Module trase.tools.sei_pcs.recursive_join

In order to reduce the amount of joins that a user has to do in their model code we allow them to specify a recipe of joins that can be handled for them.

A typical example is that they might have a customs dataset with a column containing geocodes of municipalities which they always want to be left-joined on to a dataset of municipalities.

This module implements the above wishes into actual Panda merge operations with user-friendly errors for when things go wrong. It also supports more deeply-nested joining operations.

Functions

def dot(a, b)
def prejoin(dataframes: Dict[str, pandas.core.frame.DataFrame], links: Dict[str, Dict[str, Link]], excluding) ‑> Tuple[Dict[str, pandas.core.frame.DataFrame], Dict[str, Dict[str, Link]]]
def recursive_join(dataset: str, dataframes: Dict[str, pandas.core.frame.DataFrame], links: Dict[str, Dict[str, Link]], copy=True, limit=100) ‑> pandas.core.frame.DataFrame

Perform a "recursive join" for the given dataset.
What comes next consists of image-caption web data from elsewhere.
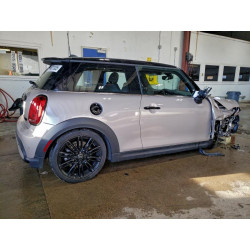 2022 MINI COOPER WMW53DH03N2S42170 96211035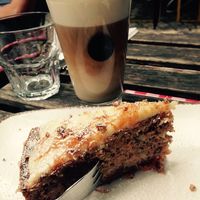 Super leckerer nuss- Karottenkuchen  at Emmi's Kitchen - Glockenbach in Munich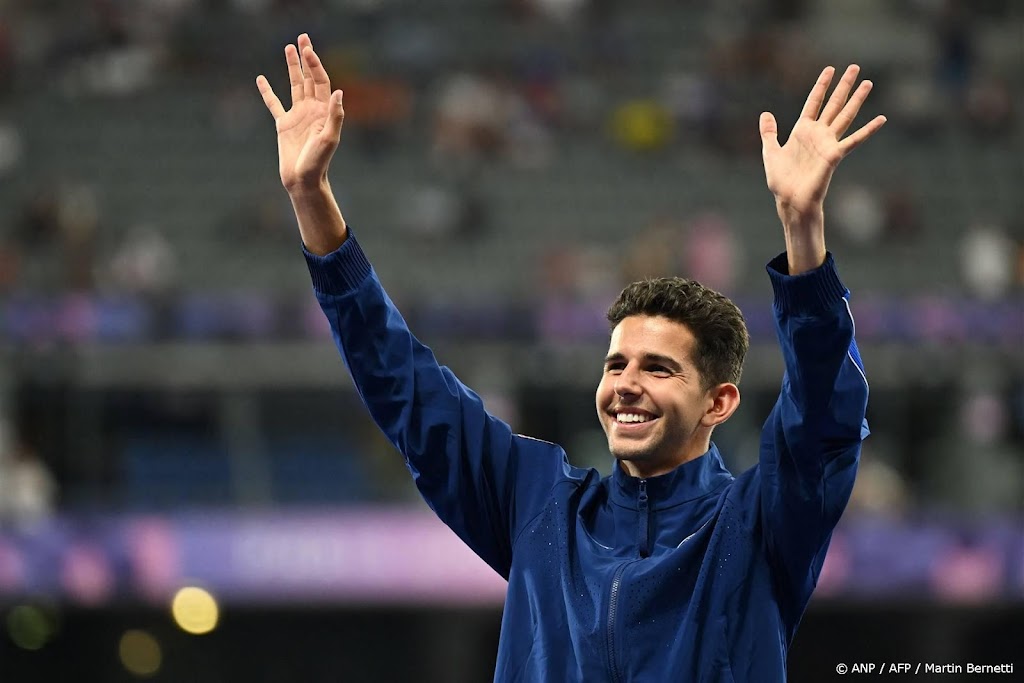 Amerikaan Fisher loopt op 5000 meter opnieuw wereldrecord indoor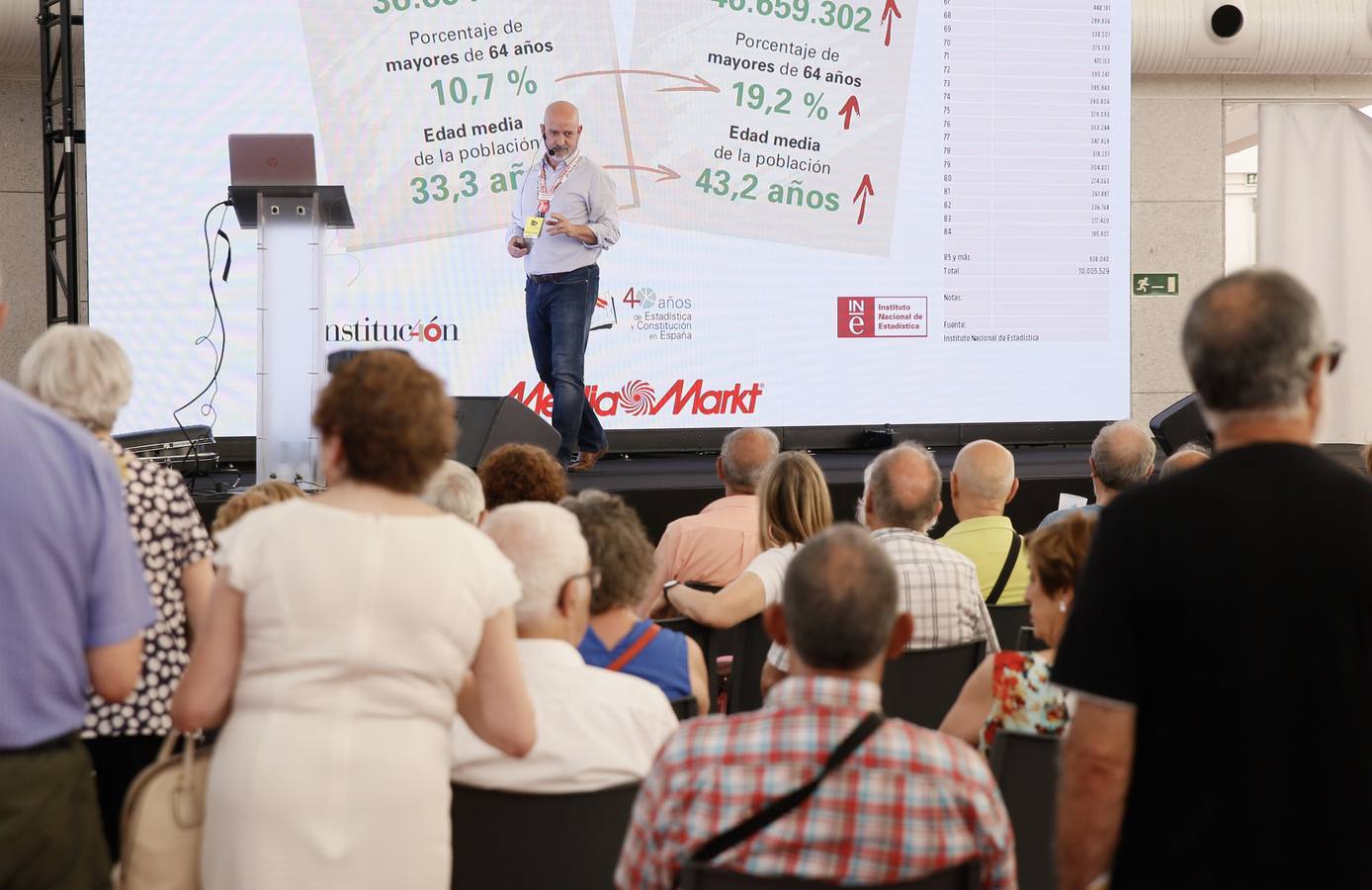 Alfonso Pahíno ha interpretado los temas más populares de los años 60 y 70 ante un público entregado | Los asistentes han descubierto por qué son bloomers para las empresas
For example, given the dataframes:

dataframes = {
    "state": pd.DataFrame([
        {"code": 12, "name": "ACRE"},
        # ...
    ]),
    "municipality": pd.DataFrame([
        {"state": 12, "code": 1200302, "name": "FEIJO"},
        # ...
    ]),
}

We might specify the following links:

links = {
    "state": {},
    "municipality": Link("state", "code"),
}

That is to say: the "state" column of the "municipality" dataframe should be left-joined on to the "code" column of the "state" dataframe.

We would perform such a join as follows:

recursive_join("municipality", dataframes, links)

That would return the following dataframe

| state.code | state.name |    code |  name |
|------------|------------|---------|-------|
| 12         | ACRE       | 1200302 | FEIJO |

The above example is simple, but this method also implements deeply-nested links with many dataframes.

Args

copy
if false and there are no joins to be made, a reference to the original dataframe in the dictionary will be returned. This can be a bit faster if you know you are not going to modify the return value.
limit
the limit of recursive entries to this call before RecursionError is raised

Raises

LinkError
if any left joins have missing or duplicated keys on the right.
ValueError
if any of the targets of the links are themselves linked, for example dataset1.column1 left joins on dataset2.column2, but dataset2.column2 also left joins on some dataset3.column3.

Classes

Link(dataset: str, column: str, validate_only: bool = False)

Class variables

var column : str
var dataset : str
var validate_only : bool